Although the court of criminal appeals has yet to expressly decide whether evidence introduced at trial obtained in violation of an accused’s Sixth Amendment right to counsel or an accused’s Fifth Amendment right against self-incrimination during post-indictment interrogation is “waivable only,” the court’s opinion in Swain v. State, 181 S.W.3d 359 (Tex. Crim. App. 2005) is instructive in our determination of what is required to procedurally perfect such an alleged error.  In Swain, the defendant asserted on appeal that the police violated his right to counsel under the Fifth and Sixth Amendments when they continued to question him after the accused had appeared before a magistrate and requested counsel be appointed.  Id. at 365.  In his written motion to suppress submitted to the trial court, the accused asserted a violation of his right to counsel and his right against self-incrimination under the Fifth, Sixth, and Fourteenth Amendments of the United States Constitution and article one, sections 10 and 19 of the Texas Constitution.  Id.  But because the accused’s global statements consisting of little more than citations to constitutional and statutory provisions failed to assert a specific complaint, the Swain court held that the accused’s “global statements in his pretrial motion to suppress were not sufficiently specific to preserve the arguments he [was making] on appeal” under rule 33.1 of the Texas Rules of Appellate Procedure.  Id.; see also Sabedra v. State, No. 05-03-01709-CR, 2005 WL 1155068, at *2 (Tex. App.—Dallas May 17, 2005, pet. dism’d, untimely filed) (not designated for publication) (failure to make a specific objection at trial that admission of tape recording violated Sixth Amendment right to counsel forfeited point on appeal).

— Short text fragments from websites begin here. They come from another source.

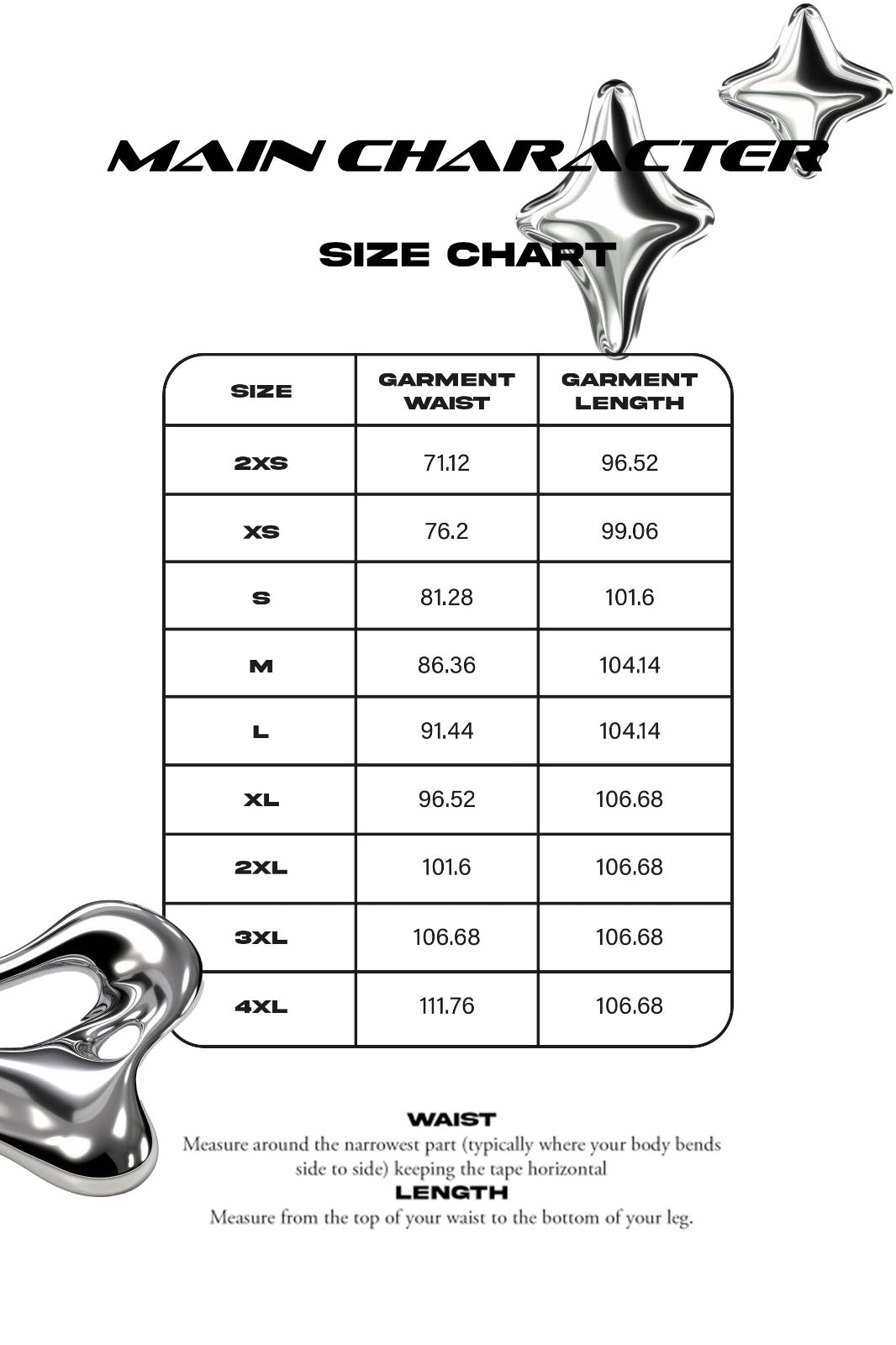 Size chart in centimeters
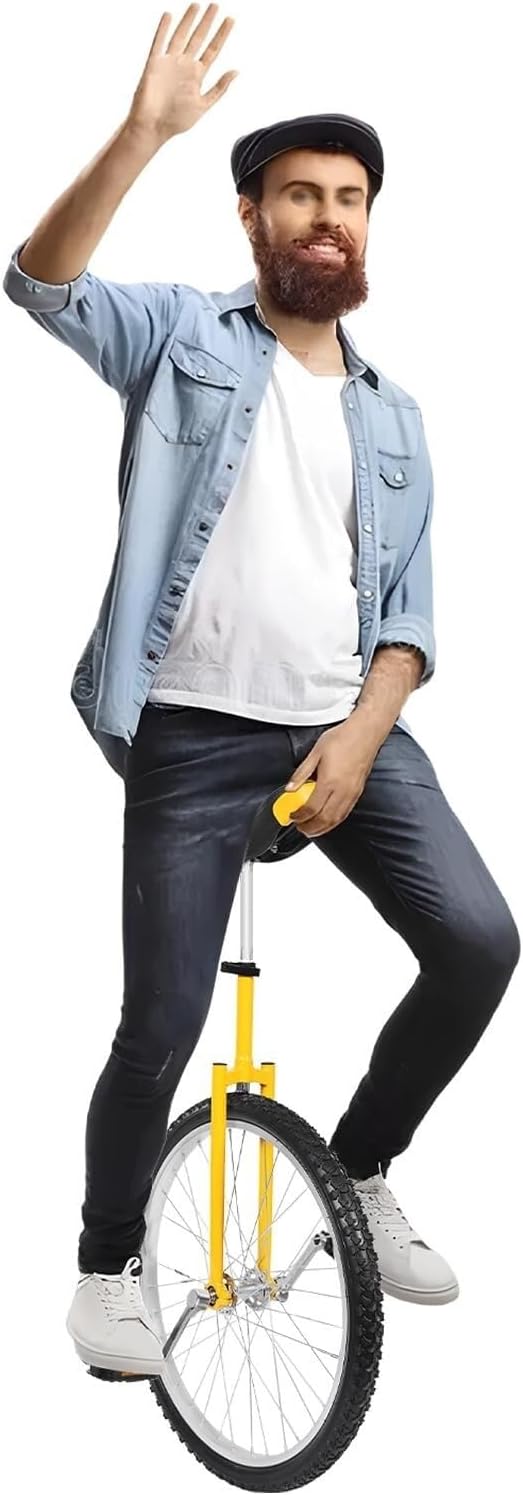 Outdoor Sports Recreation Fitness Unicycle, 24 Inch Wheel Unicycle, Outdoor Unicycle Flat-Proof Tire Single Wheel Bike with 2 Pedals, Height Adjustable, Weight Limit 176 lbs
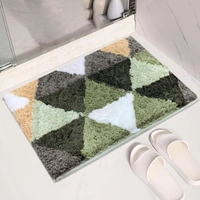Luxe Home International Luxe Home Bath Mat Canada Triangle Super Soft Anti Skid Slip Water Soak Washable Door Mats for Home, Bathroom Mat, Floor Mat, Kitchen Mat for Floor (40x60 cm) Green - 40X60 cm, Green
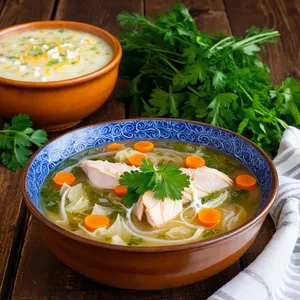 Щи с курицей и щавелем
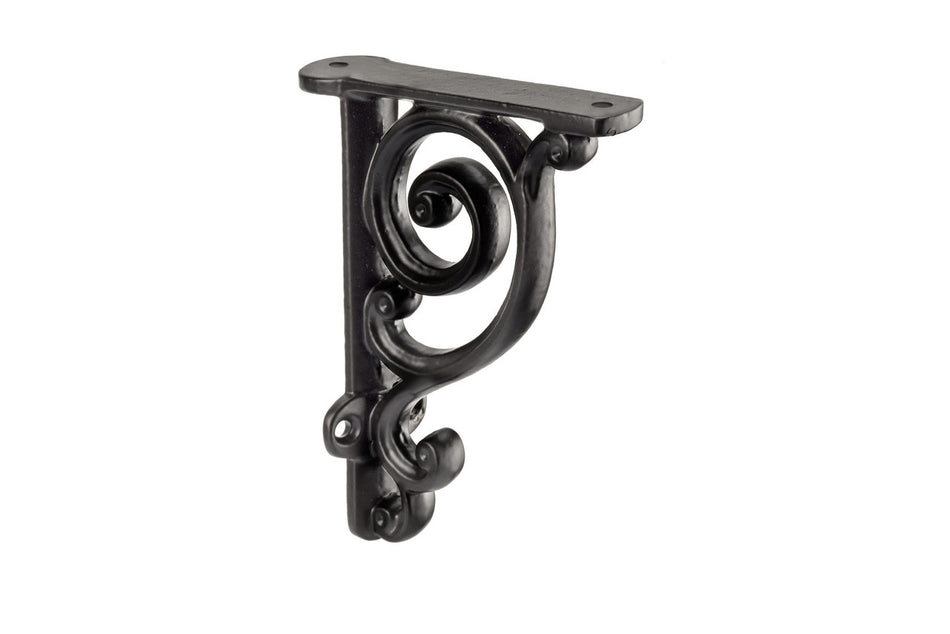 Richelieu BP9441100900: 3-9/16" Rustic Forged Iron Decorative Shelf Support - Matte Black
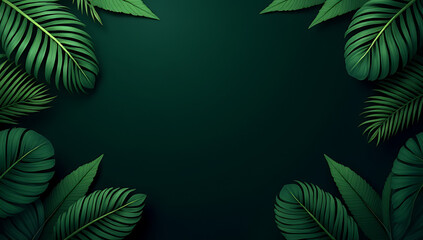 Poster - Tropical jungle leaves create a rich dark backdrop perfect for a banner or as a unique wallpaper design element._00004_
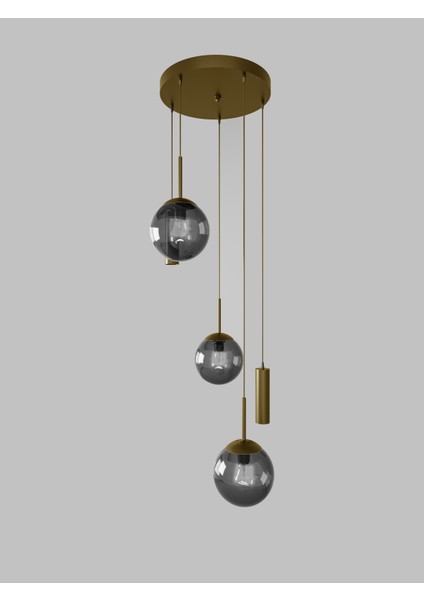 Vienna Modern Eskitme Metal Gövdeli 5'li Sarkıt Avize - 3 Füme Cam Küre 2 LED Spot, E27 DUY-G10 Duy modelleri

Following the Swain court, the Amarillo court of appeals has held that the defendant failed to preserve for appellate review his claim that he had the right to have counsel present during post-indictment, defendant-initiated interrogations, where defendant failed to make timely objection to admission of his inculpatory statements.  Hall, 303 S.W.3d at 343.  And in a related case, this court in the unpublished case of Fisher held that the defendant failed to procedurally perfect his complaint that statements contained in his PSI report violated the Confrontation Clause of the Sixth Amendment.  Fisher, 2005 WL 994740, at *1.

Based upon these precedents and the procedural safeguards in place discussed above, we conclude and hold that in order to procedurally perfect for our review a trial court’s consideration of a PSI report that is obtained in alleged violation of a defendant’s Fifth Amendment right against self-incrimination; his Texas constitution article I, section 10 right to counsel; and his Sixth Amendment right to have counsel present when a probation officer questions him during preparation of the PSI report, the defendant must object to the trial court’s consideration of the PSI report when it is considered by the trial court.  Reyes did not do so.  Thus, having failed to object to the trial court considering the PSI report, Reyes failed to procedurally perfect these arguments and has forfeited them for our review.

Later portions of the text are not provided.